I am trying to fit a linear model to data using Bayesian inference technique. For this, I thought of using PyMC. Naturally, after training a model, I want to test its performance on new data and that's where the problem occurs. I don't seem to be able to set a new dataset. Anybody with experience?
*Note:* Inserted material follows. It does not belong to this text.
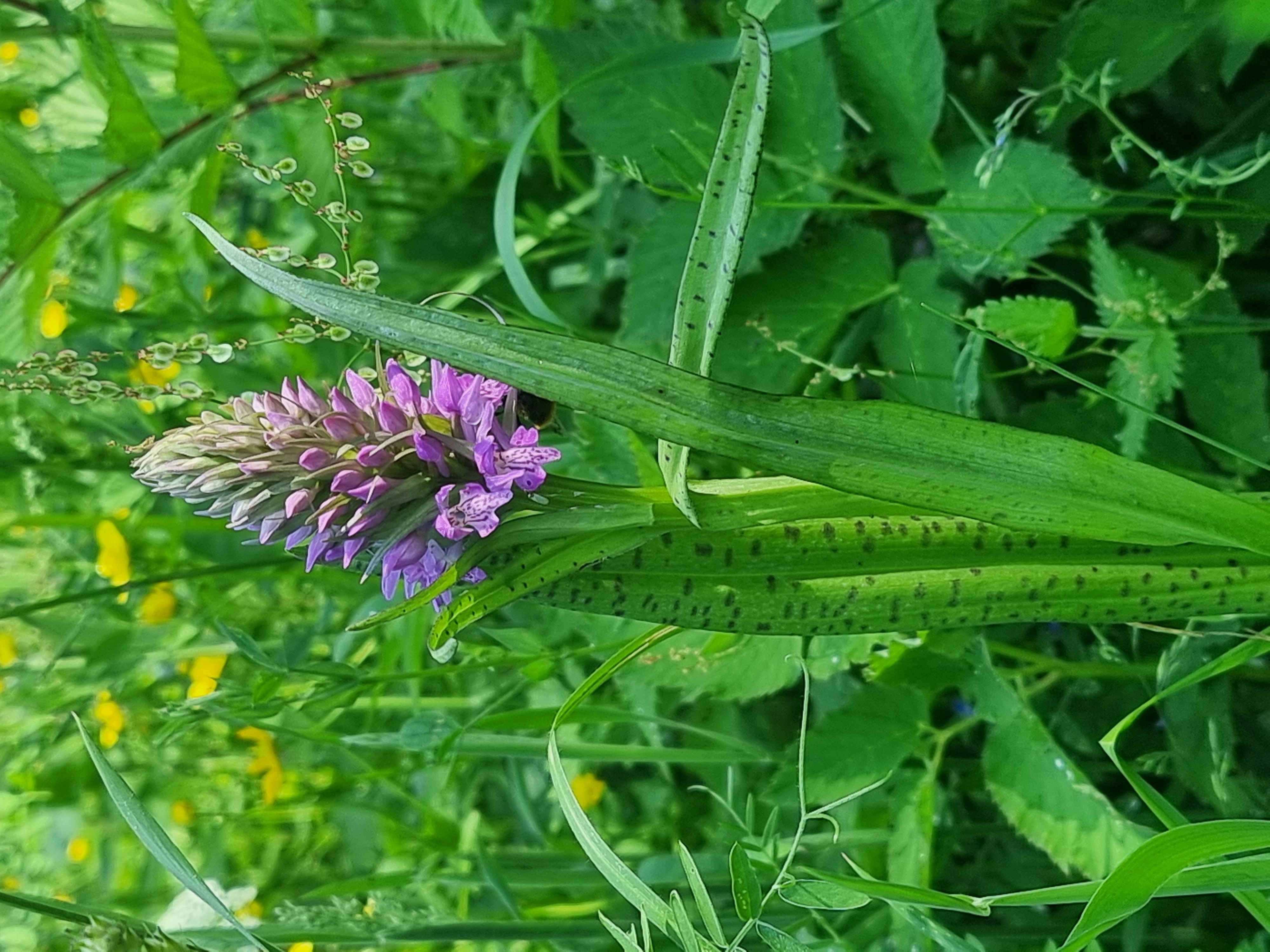 dactylorhiza baltica (4).jpg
Example script that shows the error:
import numpy as np
import pymc as pm
import arviz as az
import matplotlib.pyplot as plt
def run_model():
# Generate synthetic data
np.random.seed(42)
x = np.linspace(0, 10, 100)
a_true = 2.5 # True slope
b_true = 1.0 # True intercept
y_true = a_true * x + b_true
y = y_true + np.random.normal(0, 1, size=x.size) # Add some noise
# Split into training and test sets
x_train, x_test = x[:80], x[80:]
y_train, y_test = y[:80], y[80:]
# Define and fit the model
with pm.Model() as linear_model:
# Define x as a pm.Data variable to allow updating with pm.set_data
x_shared = pm.Data("x", x_train)
# Priors for slope and intercept
a = pm.Normal("a", mu=0, sigma=10)
b = pm.Normal("b", mu=0, sigma=10)
sigma = pm.HalfNormal("sigma", sigma=1)
# Expected value of y
mu = a * x_shared + b
# Likelihood
y_obs = pm.Normal("y_obs", mu=mu, sigma=sigma, observed=y_train)
# Sample from the posterior
trace = pm.sample(1000, tune=1000, return_inferencedata=True, chains=1)
# Predict on training data
with linear_model:
pm.set_data({"x": x_train}) # Update data to training
post_pred_train = pm.sample_posterior_predictive(trace)
# Predict on test data
with linear_model:
pm.set_data({"x": x_test}) # Update data to testing
post_pred_test = pm.sample_posterior_predictive(trace)
# Plot results
plt.figure(figsize=(10, 5))
# Plot training data
plt.scatter(x_train, y_train, c="blue", label="Training data")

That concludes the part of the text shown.